O Livres participou nesta terça-feira (8), representado por Rafael Moredo, coordenador de Políticas Públicas, do lançamento de um relatório com recomendações para tornar a gestão pública mais segura e inovadora. A Fundação Getulio Vargas (FGV EAESP), em São Paulo, sediou o lançamento da publicação “Segurança Jurídica e Inovação para Governos: Recomendações para governos mais efetivos”.
O Instituto Rui Barbosa (IRB), o Movimento Pessoas à Frente e a Fundação Tide Setubal promoveram o evento e também lideraram o grupo de trabalho responsável pela publicação.
O Livres integrou essa equipe desde o início, contribuindo com a construção das propostas ao lado de mais de 100 participantes ouvidos ao longo de 2025, entre gestores públicos, integrantes de órgãos de controle e especialistas.
O que é o “apagão das canetas”
O relatório usa uma expressão forte para descrever o problema que quer resolver: o “apagão das canetas”. O termo descreve o medo que gestores públicos sentem de tomar decisões, com receio de sofrer sanção depois por parte de órgãos de controle.
Segundo o documento, esse medo tem várias causas: normas que se sobrepõem, falta de coordenação entre instituições e poucos mecanismos de prevenção e diálogo entre quem administra e quem fiscaliza.

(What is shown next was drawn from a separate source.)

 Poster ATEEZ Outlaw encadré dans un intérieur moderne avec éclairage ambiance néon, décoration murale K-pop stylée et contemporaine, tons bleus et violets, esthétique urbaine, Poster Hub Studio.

Um levantamento da Fundação Tide Setubal, de 2024, ilustra o problema: 71% das lideranças públicas entrevistadas disseram estar constantemente preocupadas em evitar problemas com órgãos de controle, e 73% afirmaram interpretar recomendações desses órgãos como determinações, mesmo quando não têm esse caráter formal.
As 14 recomendações, em três eixos
O primeiro eixo trata dos órgãos de controle, propondo ampliar a atuação preventiva e orientada ao aprendizado institucional, estabelecer critérios claros e proporcionais de responsabilização, e revisar métricas que hoje valorizam a quantidade de processos e sanções em vez da qualidade e do impacto da atuação.
O segundo eixo foca na gestão pública, com propostas para institucionalizar a inovação, usar evidências no processo decisório e criar instâncias colegiadas e comitês técnicos. O terceiro trata do fortalecimento das capacidades estatais e da cooperação federativa, com atenção especial a municípios de pequeno e médio porte, incluindo redes regionais de inovação e comunidades de prática.
O que disse o Livres
Para Rafael Moredo, coordenador de Políticas Públicas do Livres, o debate reforça um ponto central para o instituto.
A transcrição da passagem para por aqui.